Aziz Orujov (born 3 January 1984 in Barda District) is a journalist from Azerbaijan.

From 2001 to 2005, Orujov studied at the Faculty of Journalism at Baku State University and obtained a bachelor's degree. After graduation, he worked for newspapers such as Sharg, Millet, and Ayna. In 2008, together with his brother Anar Orujov, he founded the online television channel Kanal 13 and headed its office in Baku. The channel covers domestic and foreign political issues, including human rights violations.

On 2 May 2017, Aziz Orujov was arrested for allegedly disobeying a police officer's orders. On 2 June 2017, he was charged with failing to declare and pay taxes on donations received by the Caucasus Media Investigations Centre Public Union, founded in 2006. He was sentenced to six years in prison. Amnesty International stated that Orujov had been imprisoned solely for peacefully exercising his work as a journalist. On 5 April 2018, the Supreme Court of Azerbaijan ordered his release and suspended his sentence.

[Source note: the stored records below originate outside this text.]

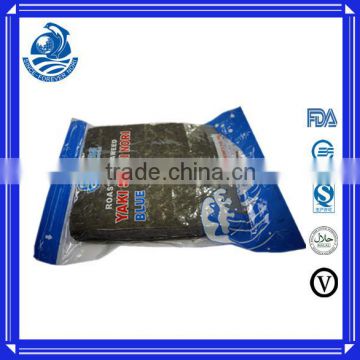 china nori roasted seaweed blue 50 pieces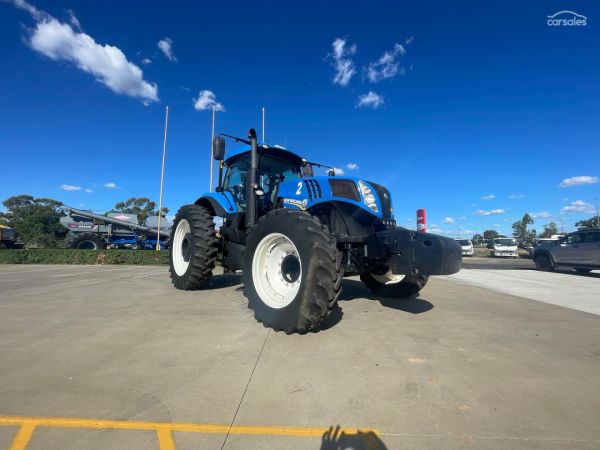 2019 New Holland T8.410 image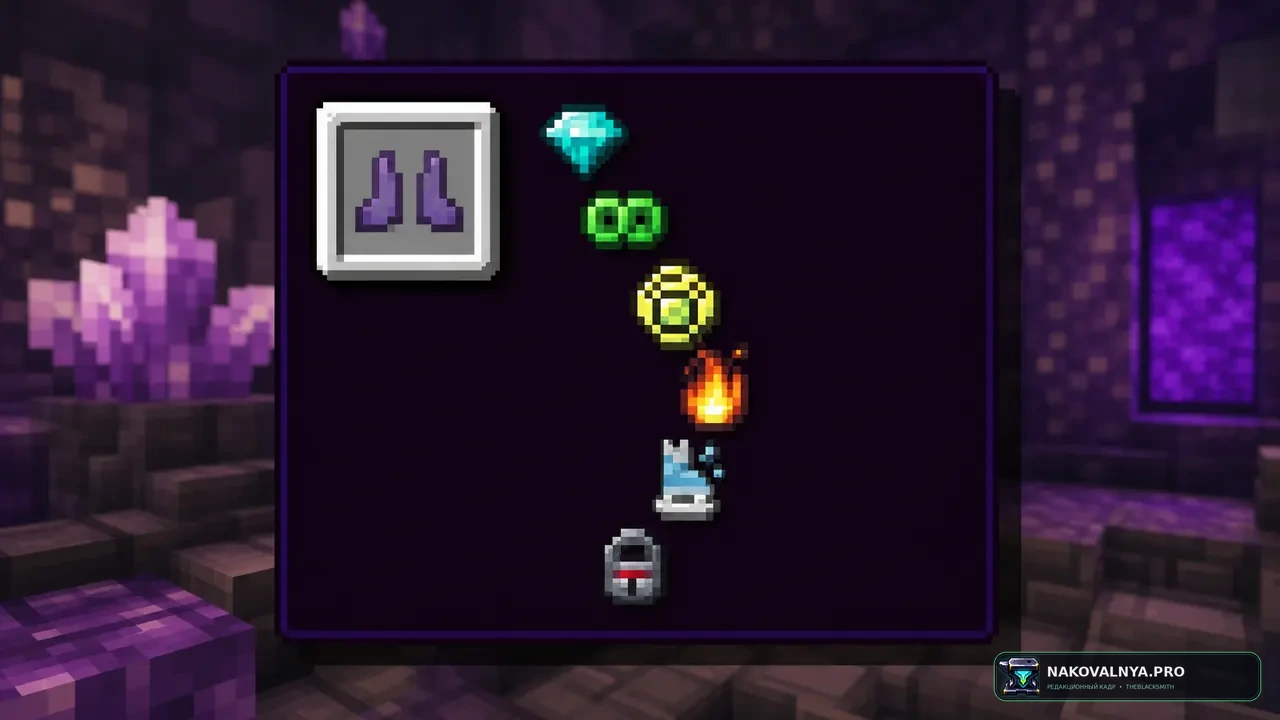 Icons - Enchantments: пиктограммы зачарований — редакционная иллюстрация 3 из 3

On 27 November 2023, Orujov was arrested at his home and detained for three months by order of the Sabail District Court in Baku. His laptops were confiscated. Authorities claimed he had built his house without permission and later accused him of "collective smuggling". On 20. Dezember 2023 a court in Baku decided that the access to the YouTube-Channel of Kanal13 is to be blocked. The smuggling charge was dropped in December 2024. On 26 February 2025, he was sentenced to two years in prison. The Committee to Protect Journalists advocates for his release.

Orujov is married to Lamiya Orujova. They have two daughters.